Microsoft's Misstep is Your Last Warning

Normally I don't get to say "I told you so" for about ten years. But in this case, I get to say it after only four months.

See, wherein your intrepid reporter predicted what Microsoft sees in your future:

- Hosted MS Server
- Hosted MS Office
- Hosted MS Services

Your clients will buy everything directly from Microsoft and your job will be to show them how to use Outlook.

Microsoft confirmed this last week:

The really nasty, over-orchestrated thing that bothered me at that keynote speech is that Kevin Turner went on and on and on about how Microsoft loves the channel, and Microsoft is built on the channel, and Microsoft will always support the channel. "Now here's Steve Balmer to make clear that Microsoft couldn't care less about the channel."

After one slide, Vlad and I just looked at each other. "I guess it's over for us."


1) The bad news is that Microsoft is going to work really hard to take all of your pesky 1-10 user clients away and give them to Comcast.

2) The good news is that Microsoft is being completely open about this.
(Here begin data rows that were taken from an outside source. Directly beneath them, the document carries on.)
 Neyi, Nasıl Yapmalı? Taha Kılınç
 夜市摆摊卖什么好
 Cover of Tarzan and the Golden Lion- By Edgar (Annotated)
They're not lying to you or deceiving you in any way. They're looking you straight in the eye and taking your clients.

3) The really good news is that they've picked a really bad ISP to partner with.

-- -- --

The choice is obvious. Fiber isn't everywhere. Cable's really super fast. So, if you're going to partner on this kind of thing, it really has to be a big national cable company.

But all cable companies suck when it comes to business class service. As a Comcast subscriber I can vouch for their unreliability. In the past year we've had four major outages and at least six minor ones. In fact, Comcast is the reason we decided to move our servers to a co-lo facility. Even if we can't get to the server, our company is still "up."
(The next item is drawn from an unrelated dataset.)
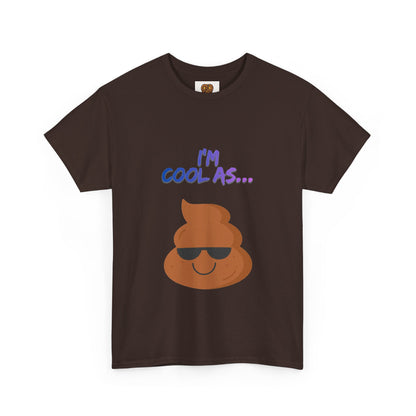 Cool Poop Emoji T-Shirt — "I’m Cool As..." Novelty Tee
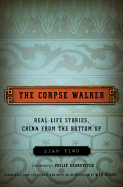 The Corpse Walker: Real-Life Stories, China from the Bottom Up - Yiwu, Liao, and Huang, Wen (Translated by), and Gourevitch, Philip (Foreword by)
Aside from programming, Comcast has no history of launching a new technology smoothly. So it's going to be a bumpy ride and suck out loud.

Comcast is always being accused of throttling bandwidth for one reason or another. They say they don't, but it doesn't take much imagination to come up with a handful of tests to prove they do. This "traffic shaping" will allow them to give a little better performance to their SMB clients.
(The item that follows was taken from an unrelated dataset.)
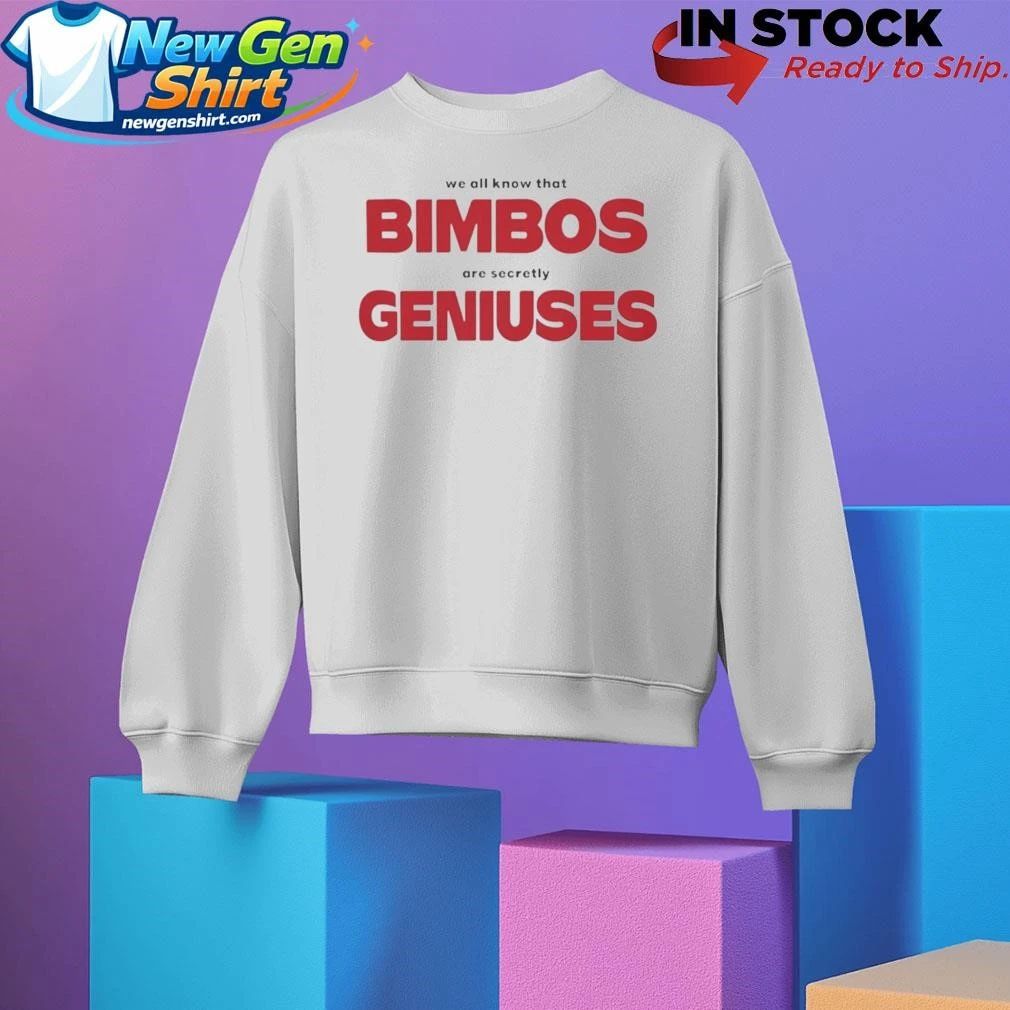 We All Know That Bimbos Are Secretly Geniuses Shirt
But it won't do much good when internet access is down.

So the first grand attempt will fail miserably with very angry customers. And, very likely, some lawsuits from small business owners.

-- -- --

That's not the end of the tale, though. Together Comcast and Microsoft have more money than J.K. Rawlings.

They'll retool. They're rewrite. They'll buy better equipment and hire the right people.

Eventually, they'll make it work.

And, when they do, they'll grab up a bunch of small businesses and keep them forever.

Gee, it seems like only last week that I was warning you: Do you sell Technology, or do you sell Business Consulting?

Decide what you want to do in 2, and 3, and 5 years. Microsoft has made a misstep with this Comcast deal. That buys you some time to retool and figure out what you're going to do.

Don't ignore this. It's your last warning.